A Critical Evaluation of the Coefficient Method, Capacity Spectrum Method and Modal Pushover Analysis for Irregular Steel Buildings in Seismic Zones

Abstract

Classical design procedures are less advantageous than performance-based seismic design (PBSD) of buildings, which is included in existing standards such as ASCE 41-23 for new buildings or retrofitting. PBSD requires accurate assessment of building seismic responses. Such assessments can be done using either faster nonlinear static procedures (NSPs) or more time-intensive nonlinear time-history analyses (NTHAs). However, the reliability of NSPs can be questionable, as shown by previous research. Practitioners need to conduct further investigations to determine safety margins and the applicability scope of these methods. This is especially important for irregular buildings and near-fault zones. This problem is investigated in this paper by first using 1250 single-degree-of-freedom (SDOF) systems to evaluate the ASCE 41-23’s coefficient method and performing 25000 NTHAs for near- and far-fault records. Second, the responses obtained from two alternative approaches, the modal pushover analysis (MPA) and FEMA 440’s capacity spectrum method (CSM), are compared with NTHA responses for buildings with significant higher-mode effects.
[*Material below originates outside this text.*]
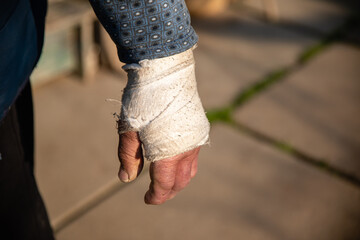 Swollen broken hand of old man in dirty white bandage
American standards are used to design 96 3D symmetric and asymmetric steel moment-resisting frame (MRF) buildings with different characteristics such as lateral, lateral-torsional, and torsional modes of vibration dominance as well as different stability conditions, which are considered in this paper. The MPA and CSM are compared with NTHAs in this paper. The results show that the ASCE 41-23’s coefficient method is unreliable for near-fault zones and that the MPA and CSM are unreliable for seismic evaluation of buildings with dominant lateral-torsional modes of vibration or significant P-Δ effects. The results also revealed that MPA is a conservative approach for seismic evaluation of torsionally dominant buildings while CSM is not.